End-to-end data science project in Python: 1) data scraping, 2) sentiment analysis, 3) and data visualization.
I was curious to see if sentiment scores could be used to visualize character arcs. If so, could sentiment analysis help writers evaluate character development in their work?
For this project, I analyzed one of my favorite TV shows Avatar: The Last Airbender. I used Jupyter Notebook for documentation. Follow along to see how to:
- Scrape the web for episode transcripts with Beautiful Soup
- Manipulate data with pandas and analyze character dialogue using VADER
- Create interactive visualizations of the sentiment scores with Plotly Express
See the accompanying Medium blog post for detailed project tutorial.
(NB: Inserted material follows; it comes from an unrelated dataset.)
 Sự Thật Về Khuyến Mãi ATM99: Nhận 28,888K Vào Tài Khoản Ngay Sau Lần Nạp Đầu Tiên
Without prior knowledge of the series, I could've guessed Azula is the villain by looking at the “Sentiments per episode” plot. Her trend line increases before a sharp decline towards the finale (typical for stories where the good guys win). Although sentiment progression is not a perfect proxy for character development, in the future it might be part of a larger algorithm that’ll help writers evaluate their work. See Medium blog post for further discussion.
You must have Jupyter Notebook installed on your computer. Download atla_sentiment_analysis.ipynb to current directory and open Jupyter Notebook by running jupyter notebook
in the command line.